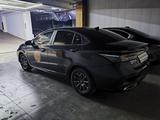 Chery Arrizo 6 2026 года за 6 800 000 тг. в Астана – фото 4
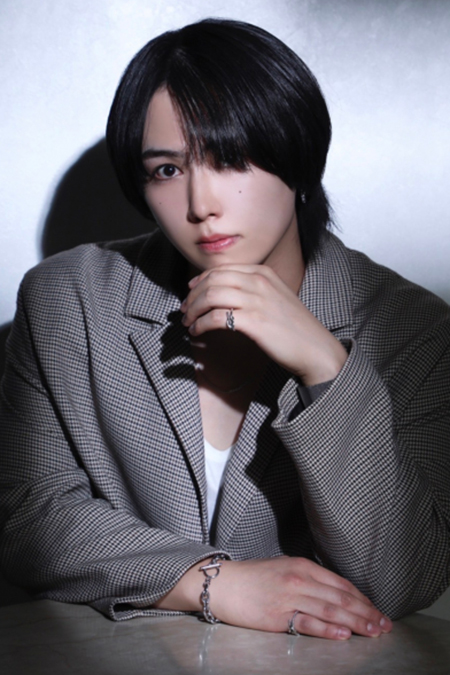 クウ LALA 歌舞伎町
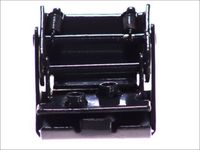 PACOL HOuder, achterscherm 1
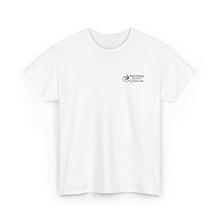 Load image into Gallery viewer, Casual Unisex Tee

• • • •

= Problem =
Once the pictures are removed, copy the material above exactly.

= Response to the exercise =
 Chery Arrizo 6 2026 года за 6 800 000 тг. в Астана – фото 4
 クウ LALA 歌舞伎町
 PACOL HOuder, achterscherm 1
 Load image into Gallery viewer, Casual Unisex Tee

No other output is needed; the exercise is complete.